Don't write your own framework - brendt_gd
https://stitcher.io/blog/dont-write-your-own-framework
======
larsjanssen6
Great article!,

I've been thinking about this a lot lately, sometimes I get tired of all the
frameworks and tools that are available. I just want to build things. That's
is why I decided to make a side project with purely PHP and jquery (yes jquery
:). I am familiar with vue.js and react but lately, I notice that I am making
less progress with frameworks such as nuxt.js and next.js. At the end of the
day, you just want to get things done.

And there are quite a few examples of successful projects that don't use
frameworks.
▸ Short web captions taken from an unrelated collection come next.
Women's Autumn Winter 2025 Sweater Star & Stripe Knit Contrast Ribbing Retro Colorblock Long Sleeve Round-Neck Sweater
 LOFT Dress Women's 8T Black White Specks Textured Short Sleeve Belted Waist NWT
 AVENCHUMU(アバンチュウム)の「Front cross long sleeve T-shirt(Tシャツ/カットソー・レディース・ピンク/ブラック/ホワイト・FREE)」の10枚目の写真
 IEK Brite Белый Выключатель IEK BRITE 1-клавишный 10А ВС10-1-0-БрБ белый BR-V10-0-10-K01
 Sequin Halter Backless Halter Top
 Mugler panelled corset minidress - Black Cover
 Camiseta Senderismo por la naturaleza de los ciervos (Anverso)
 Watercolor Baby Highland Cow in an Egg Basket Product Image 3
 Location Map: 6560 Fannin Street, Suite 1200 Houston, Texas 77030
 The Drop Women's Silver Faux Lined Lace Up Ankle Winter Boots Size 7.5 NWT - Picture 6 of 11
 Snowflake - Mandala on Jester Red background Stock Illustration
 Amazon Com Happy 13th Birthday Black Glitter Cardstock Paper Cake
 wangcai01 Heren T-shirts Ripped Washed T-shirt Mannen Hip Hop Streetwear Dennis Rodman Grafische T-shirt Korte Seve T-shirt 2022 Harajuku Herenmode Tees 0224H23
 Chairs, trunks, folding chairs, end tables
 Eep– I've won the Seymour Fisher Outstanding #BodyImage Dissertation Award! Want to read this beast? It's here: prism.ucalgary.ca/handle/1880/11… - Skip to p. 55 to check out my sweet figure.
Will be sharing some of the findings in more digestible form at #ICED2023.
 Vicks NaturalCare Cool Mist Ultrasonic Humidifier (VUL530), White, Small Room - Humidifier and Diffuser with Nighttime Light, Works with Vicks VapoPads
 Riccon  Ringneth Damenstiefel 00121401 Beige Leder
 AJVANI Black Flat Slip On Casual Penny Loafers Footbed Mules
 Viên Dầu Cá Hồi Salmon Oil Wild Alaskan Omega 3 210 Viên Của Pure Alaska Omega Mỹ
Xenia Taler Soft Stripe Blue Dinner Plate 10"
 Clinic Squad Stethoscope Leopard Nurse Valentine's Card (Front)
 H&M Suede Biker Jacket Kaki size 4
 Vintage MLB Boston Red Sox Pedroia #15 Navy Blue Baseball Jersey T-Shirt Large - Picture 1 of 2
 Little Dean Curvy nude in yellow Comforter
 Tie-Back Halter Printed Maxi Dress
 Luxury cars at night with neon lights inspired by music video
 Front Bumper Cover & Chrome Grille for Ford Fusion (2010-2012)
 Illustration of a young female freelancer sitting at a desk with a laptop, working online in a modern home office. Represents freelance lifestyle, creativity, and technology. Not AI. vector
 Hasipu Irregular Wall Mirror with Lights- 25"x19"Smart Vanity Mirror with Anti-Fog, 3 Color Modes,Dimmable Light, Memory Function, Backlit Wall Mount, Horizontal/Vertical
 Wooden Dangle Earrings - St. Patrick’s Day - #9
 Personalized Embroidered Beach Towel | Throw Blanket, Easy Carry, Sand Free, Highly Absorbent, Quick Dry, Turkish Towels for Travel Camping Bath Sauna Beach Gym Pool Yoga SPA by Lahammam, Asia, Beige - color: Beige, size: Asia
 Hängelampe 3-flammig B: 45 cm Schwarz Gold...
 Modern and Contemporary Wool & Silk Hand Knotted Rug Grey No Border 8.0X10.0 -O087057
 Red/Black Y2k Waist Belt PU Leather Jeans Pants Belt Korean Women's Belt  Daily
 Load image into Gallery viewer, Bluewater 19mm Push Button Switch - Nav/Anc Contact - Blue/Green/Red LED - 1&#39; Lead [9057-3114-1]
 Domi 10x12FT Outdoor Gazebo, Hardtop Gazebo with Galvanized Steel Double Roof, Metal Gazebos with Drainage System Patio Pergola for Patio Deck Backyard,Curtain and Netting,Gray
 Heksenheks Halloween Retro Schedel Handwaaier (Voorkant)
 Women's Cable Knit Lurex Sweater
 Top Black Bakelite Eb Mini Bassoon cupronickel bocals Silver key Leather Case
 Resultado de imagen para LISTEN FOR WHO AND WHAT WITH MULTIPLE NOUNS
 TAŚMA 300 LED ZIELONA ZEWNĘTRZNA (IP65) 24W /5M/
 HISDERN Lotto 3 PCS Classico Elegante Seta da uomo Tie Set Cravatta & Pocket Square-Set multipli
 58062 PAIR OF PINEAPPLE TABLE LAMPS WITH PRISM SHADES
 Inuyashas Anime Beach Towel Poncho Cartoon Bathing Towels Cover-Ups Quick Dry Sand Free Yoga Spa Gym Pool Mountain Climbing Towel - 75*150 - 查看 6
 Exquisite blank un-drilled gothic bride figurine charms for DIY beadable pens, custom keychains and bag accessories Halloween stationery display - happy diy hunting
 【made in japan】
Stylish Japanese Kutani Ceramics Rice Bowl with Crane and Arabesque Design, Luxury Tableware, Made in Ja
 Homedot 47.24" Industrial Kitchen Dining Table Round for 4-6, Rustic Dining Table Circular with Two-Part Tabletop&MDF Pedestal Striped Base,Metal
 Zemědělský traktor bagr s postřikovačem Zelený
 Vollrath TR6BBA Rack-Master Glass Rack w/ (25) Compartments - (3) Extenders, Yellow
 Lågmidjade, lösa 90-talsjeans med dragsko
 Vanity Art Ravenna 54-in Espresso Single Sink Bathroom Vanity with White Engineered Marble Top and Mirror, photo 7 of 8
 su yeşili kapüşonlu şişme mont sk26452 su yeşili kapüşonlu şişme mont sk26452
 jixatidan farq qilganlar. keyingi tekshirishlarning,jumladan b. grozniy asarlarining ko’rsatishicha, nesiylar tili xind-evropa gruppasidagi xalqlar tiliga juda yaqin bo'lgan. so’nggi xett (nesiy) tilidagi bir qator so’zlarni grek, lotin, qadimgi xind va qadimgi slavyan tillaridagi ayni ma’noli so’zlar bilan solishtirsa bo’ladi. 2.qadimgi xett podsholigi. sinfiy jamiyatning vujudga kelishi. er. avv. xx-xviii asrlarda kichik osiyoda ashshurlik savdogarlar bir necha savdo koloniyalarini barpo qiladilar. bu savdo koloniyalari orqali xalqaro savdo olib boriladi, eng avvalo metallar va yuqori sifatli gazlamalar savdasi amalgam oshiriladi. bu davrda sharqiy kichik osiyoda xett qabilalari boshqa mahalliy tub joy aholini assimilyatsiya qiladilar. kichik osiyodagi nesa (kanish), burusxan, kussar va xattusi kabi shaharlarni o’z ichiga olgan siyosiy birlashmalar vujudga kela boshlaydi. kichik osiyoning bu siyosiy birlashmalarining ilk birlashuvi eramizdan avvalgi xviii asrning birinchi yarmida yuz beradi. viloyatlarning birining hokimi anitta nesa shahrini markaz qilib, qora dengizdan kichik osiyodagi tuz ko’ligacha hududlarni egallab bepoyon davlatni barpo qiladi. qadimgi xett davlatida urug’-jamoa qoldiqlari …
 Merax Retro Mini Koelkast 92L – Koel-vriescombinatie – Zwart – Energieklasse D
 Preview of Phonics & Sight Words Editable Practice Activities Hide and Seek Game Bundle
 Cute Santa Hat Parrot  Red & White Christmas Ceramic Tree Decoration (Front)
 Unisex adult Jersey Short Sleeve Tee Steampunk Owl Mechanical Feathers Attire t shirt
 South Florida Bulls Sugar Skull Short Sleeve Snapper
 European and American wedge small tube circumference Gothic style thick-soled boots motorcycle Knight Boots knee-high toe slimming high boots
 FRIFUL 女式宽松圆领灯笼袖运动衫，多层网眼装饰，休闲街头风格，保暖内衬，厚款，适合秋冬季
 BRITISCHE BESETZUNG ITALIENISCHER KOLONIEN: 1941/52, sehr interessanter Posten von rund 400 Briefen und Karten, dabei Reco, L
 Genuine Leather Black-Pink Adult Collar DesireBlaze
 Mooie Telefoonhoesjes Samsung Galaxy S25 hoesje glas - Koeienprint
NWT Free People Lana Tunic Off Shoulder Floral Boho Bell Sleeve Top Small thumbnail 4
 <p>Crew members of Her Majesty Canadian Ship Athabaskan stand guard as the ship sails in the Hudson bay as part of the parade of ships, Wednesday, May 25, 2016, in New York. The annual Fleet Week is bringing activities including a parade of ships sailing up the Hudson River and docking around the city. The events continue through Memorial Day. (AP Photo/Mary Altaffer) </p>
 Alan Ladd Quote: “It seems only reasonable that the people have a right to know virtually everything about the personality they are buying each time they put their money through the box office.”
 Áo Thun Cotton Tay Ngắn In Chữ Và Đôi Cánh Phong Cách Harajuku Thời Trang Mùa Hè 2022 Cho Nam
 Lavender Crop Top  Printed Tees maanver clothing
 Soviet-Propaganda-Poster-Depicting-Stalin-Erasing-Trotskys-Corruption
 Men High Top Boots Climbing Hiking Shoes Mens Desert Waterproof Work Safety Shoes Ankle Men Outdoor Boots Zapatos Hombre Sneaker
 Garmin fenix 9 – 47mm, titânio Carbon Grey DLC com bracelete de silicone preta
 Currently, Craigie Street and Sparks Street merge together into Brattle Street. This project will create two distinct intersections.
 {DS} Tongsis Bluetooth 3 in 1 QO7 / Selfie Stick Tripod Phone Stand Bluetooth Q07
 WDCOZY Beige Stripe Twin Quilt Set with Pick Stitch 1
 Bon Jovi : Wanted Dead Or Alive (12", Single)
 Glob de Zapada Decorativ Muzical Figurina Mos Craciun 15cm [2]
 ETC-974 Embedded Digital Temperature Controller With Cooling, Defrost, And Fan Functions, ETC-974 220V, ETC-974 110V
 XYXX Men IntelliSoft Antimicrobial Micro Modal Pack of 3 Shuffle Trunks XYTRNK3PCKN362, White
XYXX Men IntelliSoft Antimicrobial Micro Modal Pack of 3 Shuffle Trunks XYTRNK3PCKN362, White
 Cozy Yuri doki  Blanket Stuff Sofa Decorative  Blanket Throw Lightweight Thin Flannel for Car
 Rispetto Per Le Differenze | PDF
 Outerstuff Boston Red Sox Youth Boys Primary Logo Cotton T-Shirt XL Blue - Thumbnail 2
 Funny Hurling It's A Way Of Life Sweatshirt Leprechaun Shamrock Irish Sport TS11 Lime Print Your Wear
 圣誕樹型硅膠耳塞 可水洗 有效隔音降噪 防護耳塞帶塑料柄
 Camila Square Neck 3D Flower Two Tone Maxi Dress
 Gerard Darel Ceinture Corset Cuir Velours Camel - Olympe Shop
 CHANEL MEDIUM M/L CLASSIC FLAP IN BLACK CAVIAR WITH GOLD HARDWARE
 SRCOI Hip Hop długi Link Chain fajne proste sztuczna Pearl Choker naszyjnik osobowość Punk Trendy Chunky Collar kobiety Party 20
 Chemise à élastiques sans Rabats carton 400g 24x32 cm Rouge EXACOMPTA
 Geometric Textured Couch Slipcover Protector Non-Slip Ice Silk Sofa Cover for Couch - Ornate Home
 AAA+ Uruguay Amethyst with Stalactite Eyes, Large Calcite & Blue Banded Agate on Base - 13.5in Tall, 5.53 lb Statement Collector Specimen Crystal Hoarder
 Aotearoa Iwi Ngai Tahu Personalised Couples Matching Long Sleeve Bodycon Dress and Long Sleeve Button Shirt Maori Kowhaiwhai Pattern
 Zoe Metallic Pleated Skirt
Like e.g. nomadlist by @levelsio. They develop new features so
quickly that I start to doubt frameworks more and more.

Don't get me wrong I think for many project frameworks are useful, but if you
want to get a lot done and you don't want to focus too much on the techniques,
I have doubts about your statement.

------
aforwardslash
I have mixed feelings about this. Big projects, while definitely having more
capacity (engineering efforts, documentation, etc) than your local team, also
have bugs. And sometimes serious ones. Plus, more often than not, those bugs
are exploited via automated tools. Having a good custom framework will often
be immune to these "low-hanging-fruit" scannings.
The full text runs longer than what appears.